Here's a quick blurb about something I recently ran into and found a fix for, and I'm hoping that the search indexing gods find this and help some other poor soul who has run into this sort of thing.

I've been playing around with KVM virtual machines on my home server recently, and have started using the virt-sparsify and virt-resize CLI tools respectively to generate a compressed golden machine image and apply that image to a new VM. For example:

sudo virt-sparsify --compress --convert qcow2 /dev/vg0/debian-base debian-base.qcow2
sudo virt-resize --expand /dev/sda2 --no-sparse debian-base.qcow2 /dev/vg0/new-vm

After doing this and booting the new machine, I got this failure after trying to load in a kernel module:

$ sudo modprobe bridge
modprobe: ERROR: could not insert 'bridge': Key was rejected by service

Uhhh, what? This seems to point to some secure boot signing-related thing, but I'm pretty sure nothing has gone awry with that since all I did was make a disk clone. After a bunch of experimenting, I discovered that cloning with straight dd would work fine, and would somehow taint the target disk so that future virt-resize runs would always result in a working target!

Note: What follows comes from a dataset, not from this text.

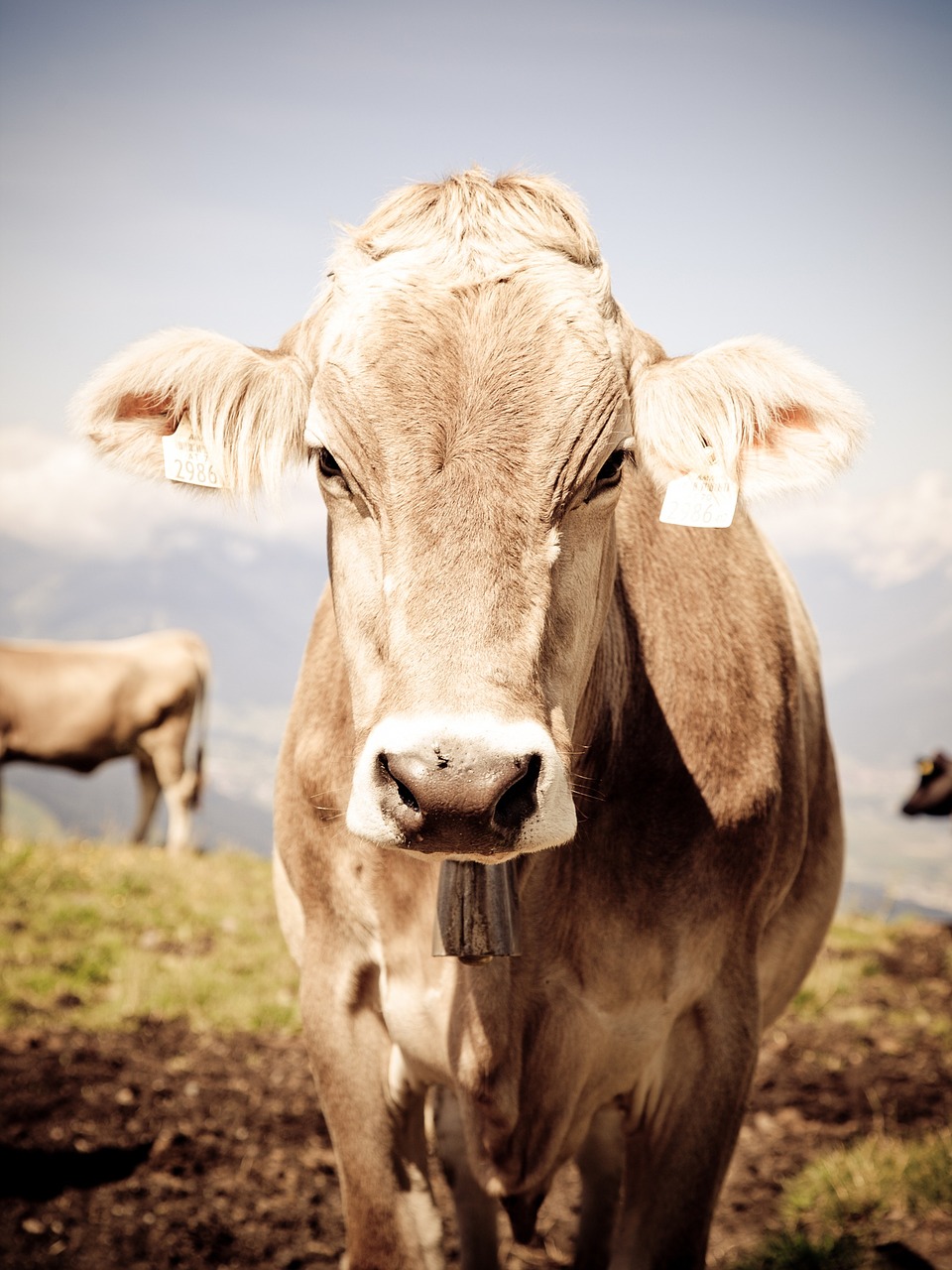 Image - cow tyrol alm cows austria animal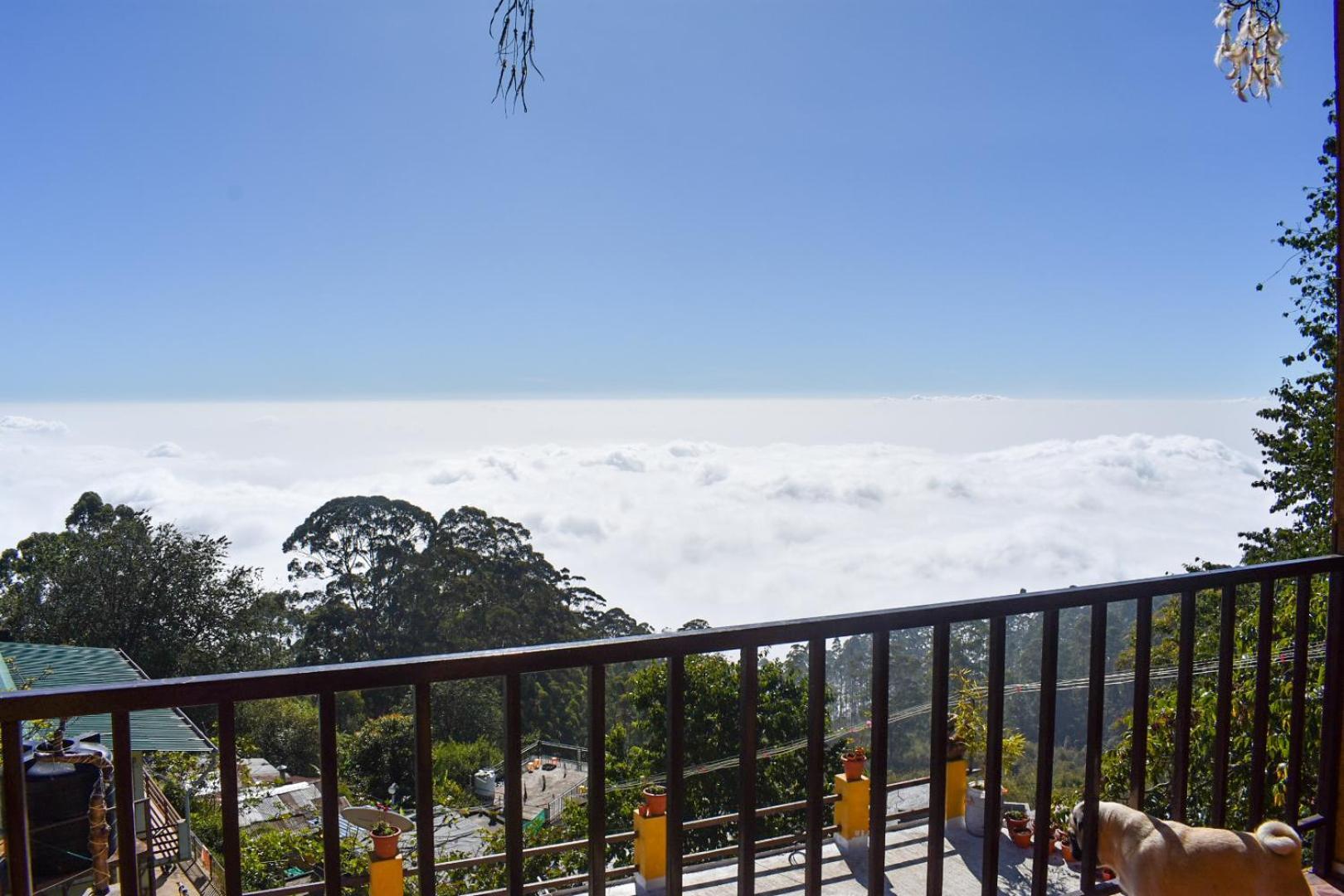 Sanjuktha's Wood House Vattakanal Kodaikanal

This was really weird, so I dug through the virt-resize manpage, and came across the --no-sparse flag which has this in its description:

The main time this can be a problem is if the target is a host partition (eg. virt-resize source.img /dev/sda4) because the usual partitioning tools tend to leave whatever data happened to be on the disk before.

If you have to reuse a target which contains data already, you should use the --no-sparse option. Note this can be much slower.

Well shit. My target VM that's receiving the image is using a LVM logical volume for its drive, which I'm sure has some leftover data on it. virt-resize --no-sparse fixes this issue for me, as does zeroing out the LV before applying the image. With the sparse copying, some old junk data must have been lurking in the new VM's partition, causing the issues.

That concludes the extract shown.